(GIVEN ENTRIES):
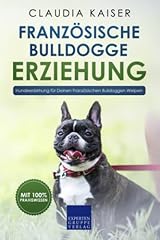 Französische bulldogge erzieh gebraucht kaufen  Wird an jeden Ort in Deutschland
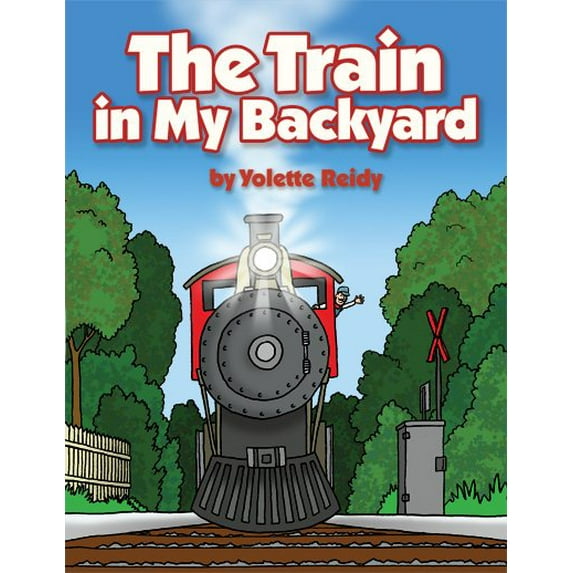 The Train in My Backyard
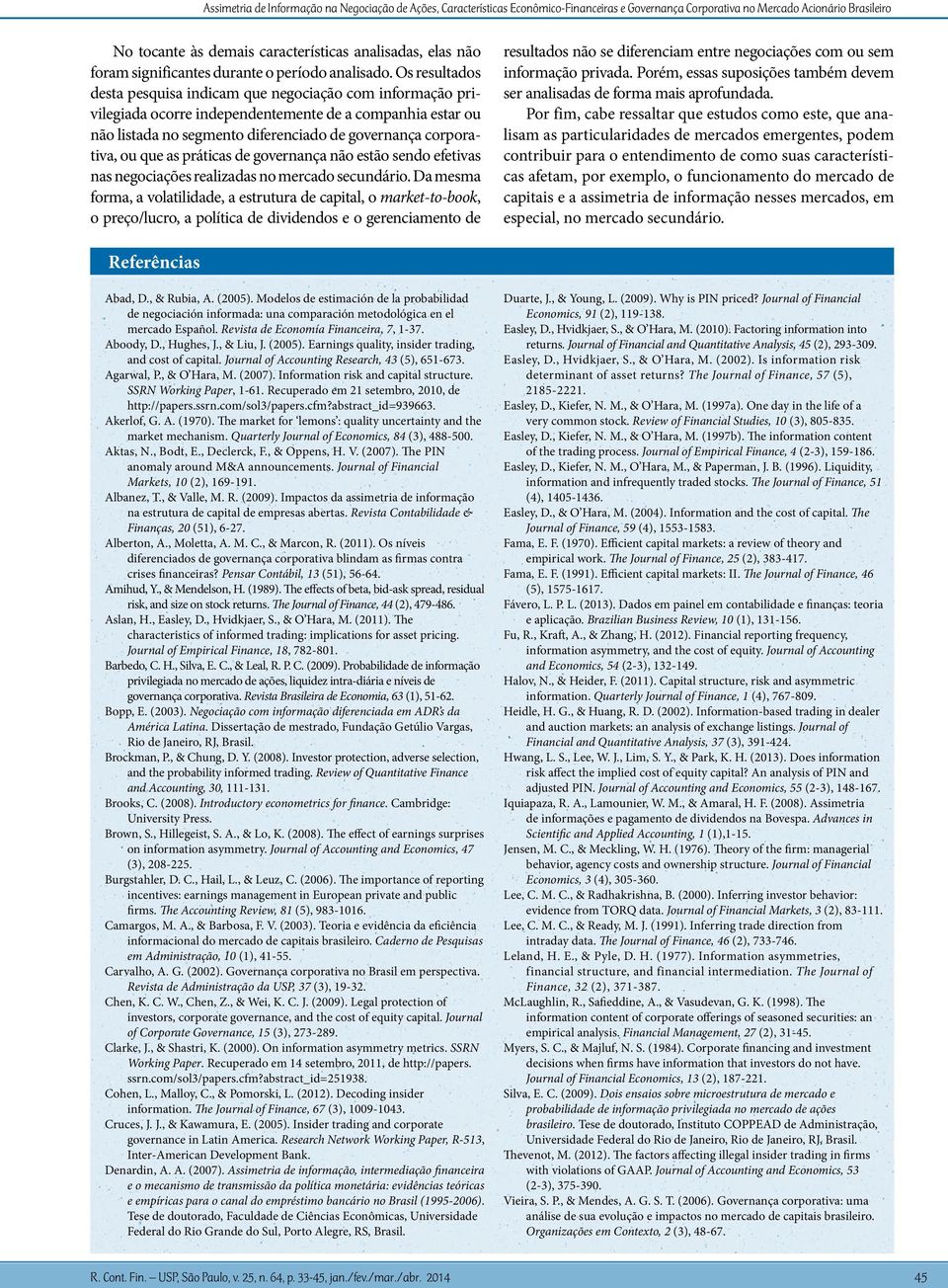 Os resultados desta pesquisa indicam que negociação com informação privilegiada ocorre independentemente de a companhia estar ou não listada no segmento diferenciado de governança corporativa, ou que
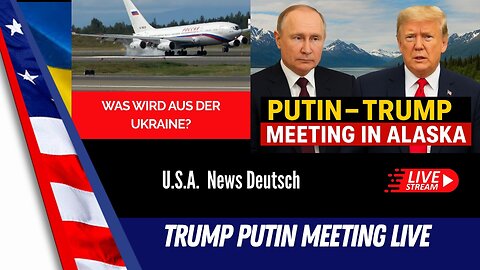 Live: Präsident Trump trifft Präsident Putin in Alaska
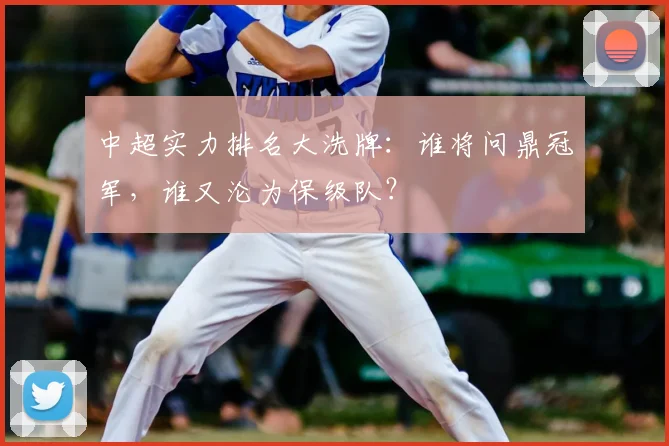 中超实力排名大洗牌：谁将问鼎冠军，谁又沦为保级队？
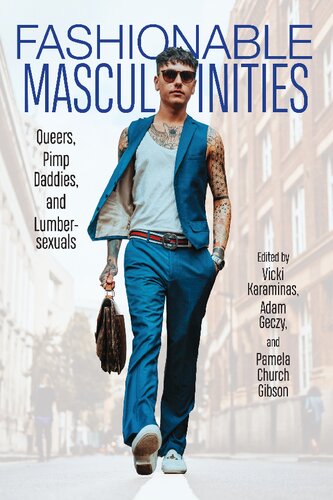 Fashionable Masculinities Queers Pimp Daddies And Lumbersexuals 1st Edition Vicki Karaminas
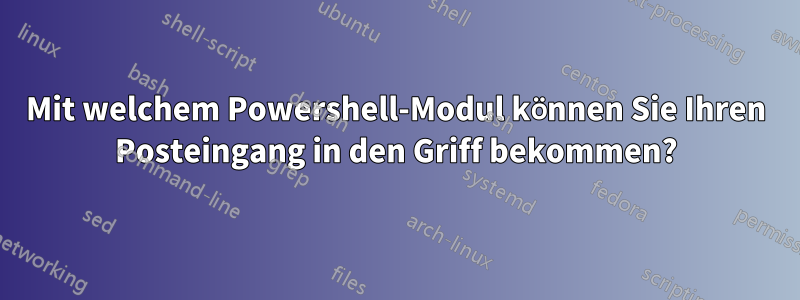Mit welchem ​​Powershell-Modul können Sie Ihren Posteingang in den Griff bekommen?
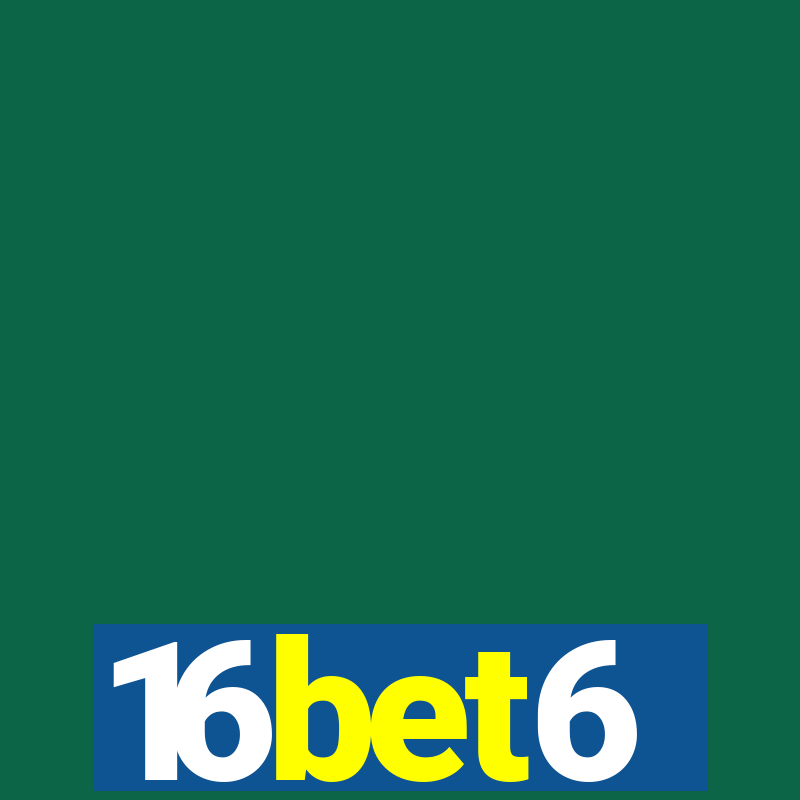 16bet6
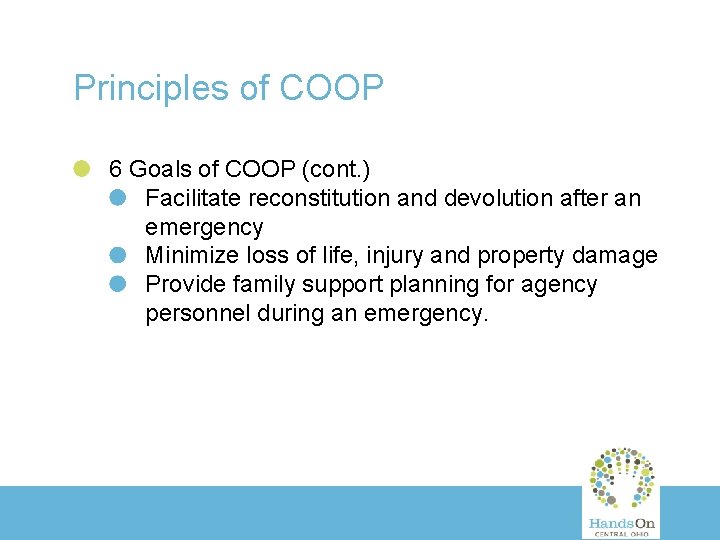 Principles of COOP 6 Goals of COOP (cont. ) Facilitate reconstitution and devolution after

(WHAT IS BEING ASKED): Word-for-word repeat, images excluded: return all the data.

(TASK SOLUTION):
 Französische bulldogge erzieh gebraucht kaufen  Wird an jeden Ort in Deutschland
 The Train in My Backyard
 Os resultados desta pesquisa indicam que negociação com informação privilegiada ocorre independentemente de a companhia estar ou não listada no segmento diferenciado de governança corporativa, ou que
 Live: Präsident Trump trifft Präsident Putin in Alaska
 中超实力排名大洗牌：谁将问鼎冠军，谁又沦为保级队？
 Fashionable Masculinities Queers Pimp Daddies And Lumbersexuals 1st Edition Vicki Karaminas
Mit welchem ​​Powershell-Modul können Sie Ihren Posteingang in den Griff bekommen?
 16bet6
 Principles of COOP 6 Goals of COOP (cont. ) Facilitate reconstitution and devolution after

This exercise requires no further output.